EXERCISE AIM: When you reach the line containing "Dulux Visualizer - Fish", begin reproducing the material exactly, stop after the line containing "Cheap Louis Vuitton", and leave out any pictures along the way.

SUPPLIED RECORDS:
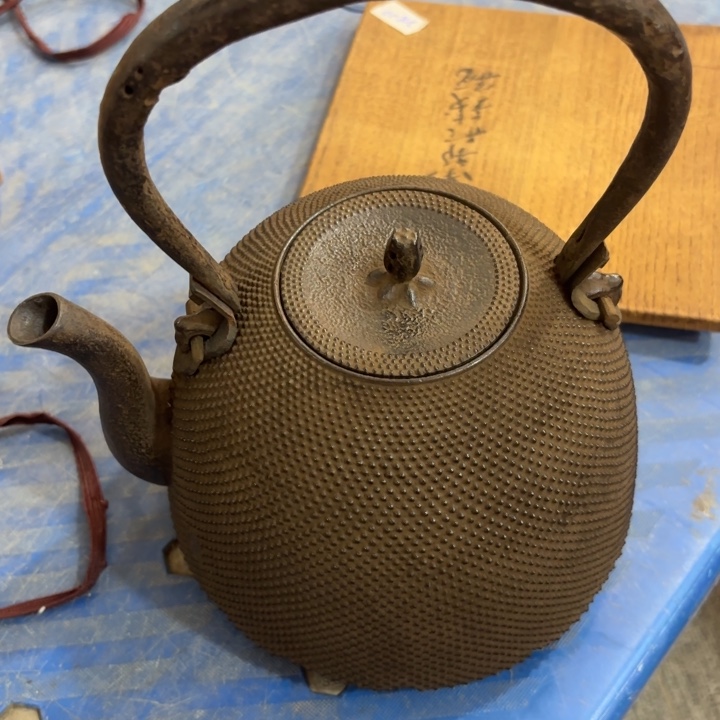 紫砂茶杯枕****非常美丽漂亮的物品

...

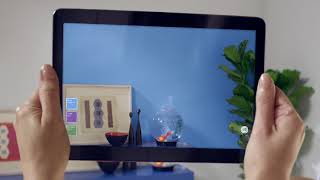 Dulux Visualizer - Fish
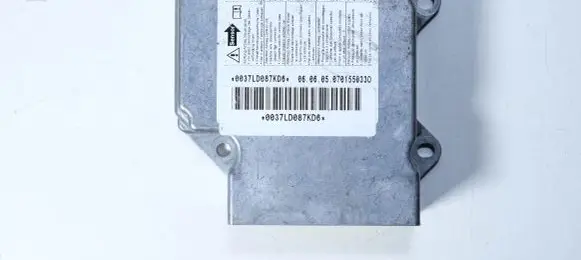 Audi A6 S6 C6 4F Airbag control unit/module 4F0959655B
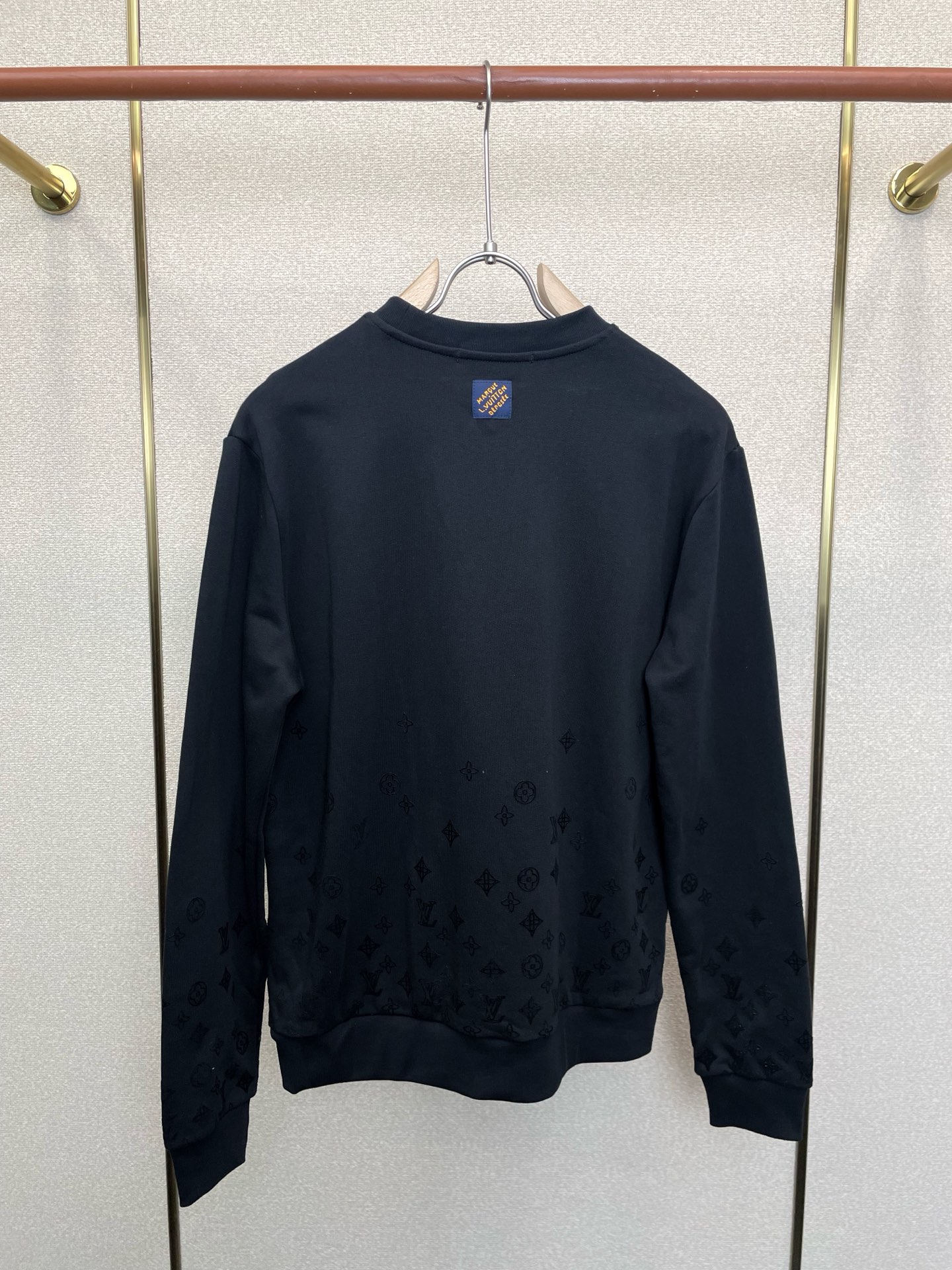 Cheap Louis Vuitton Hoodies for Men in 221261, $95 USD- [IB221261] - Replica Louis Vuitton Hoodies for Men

...

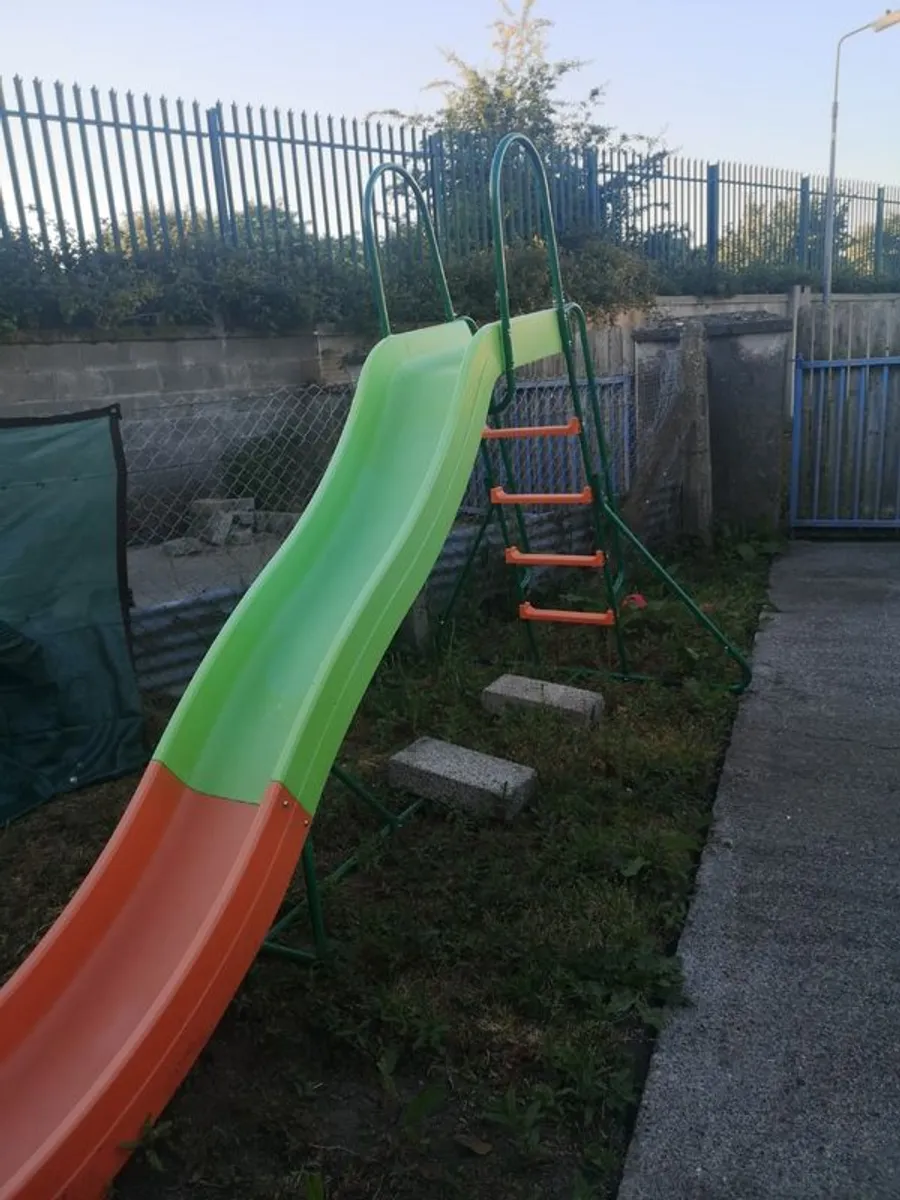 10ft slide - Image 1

YOUR SOLUTION:
 Dulux Visualizer - Fish
 Audi A6 S6 C6 4F Airbag control unit/module 4F0959655B
 Cheap Louis Vuitton Hoodies for Men in 221261, $95 USD- [IB221261] - Replica Louis Vuitton Hoodies for Men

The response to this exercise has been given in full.